# Task description
Repeat the data word for word and skip the pictures.

# Supplied data
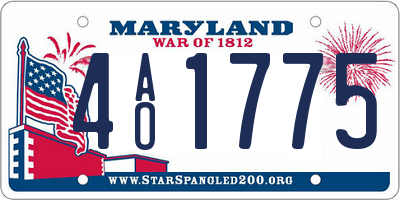 MD license plate 4AO1775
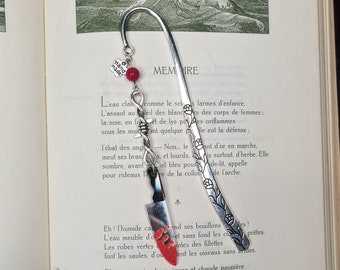 Cute bookmark, custom bookmark, metal bookmark, bookmark, bookmark, knife, thriller, detective, red coral, jewelry, handmade, gift.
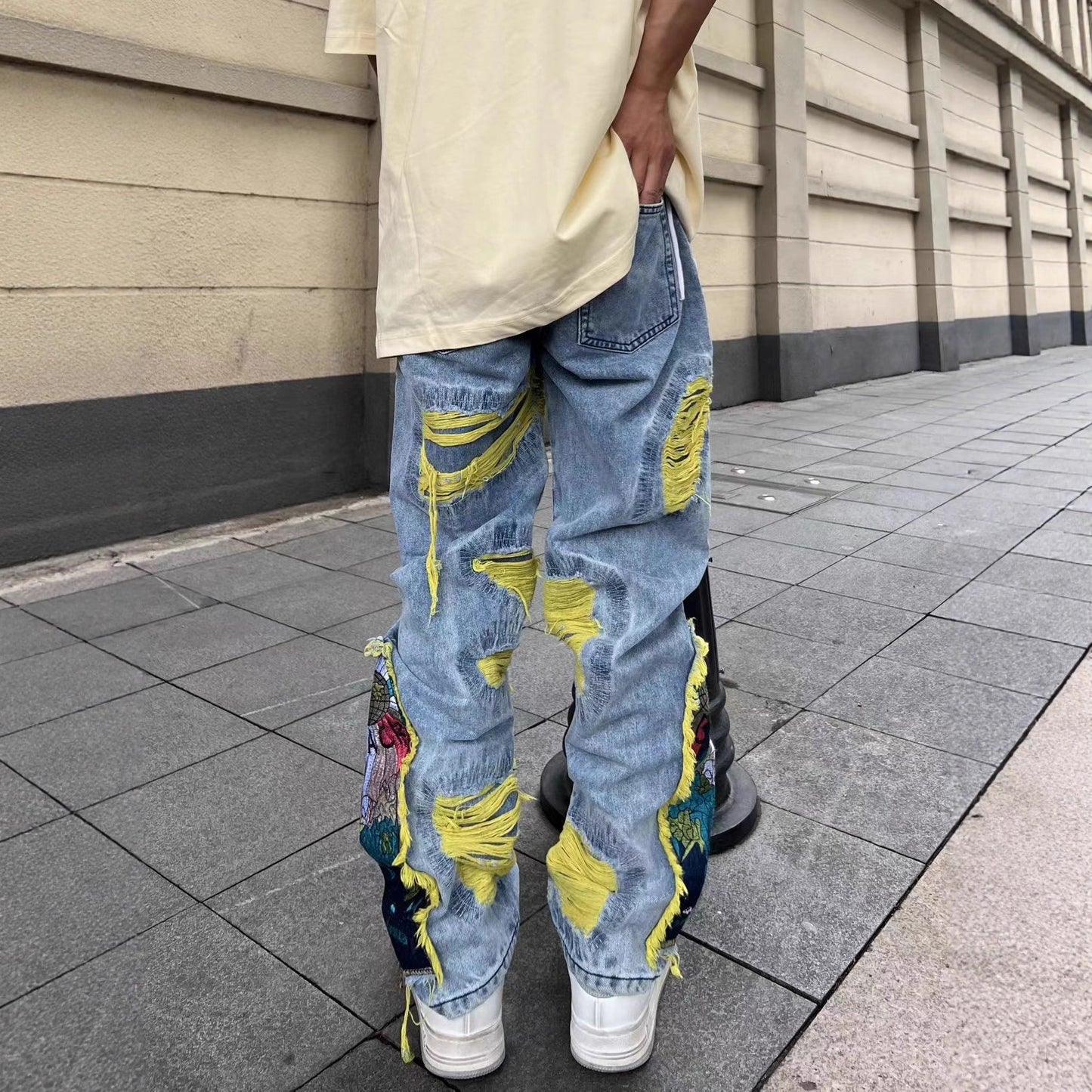 Brushed Embroidered Straight Denim Jeans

# Exercise answer
 MD license plate 4AO1775
 Cute bookmark, custom bookmark, metal bookmark, bookmark, bookmark, knife, thriller, detective, red coral, jewelry, handmade, gift.
 Brushed Embroidered Straight Denim Jeans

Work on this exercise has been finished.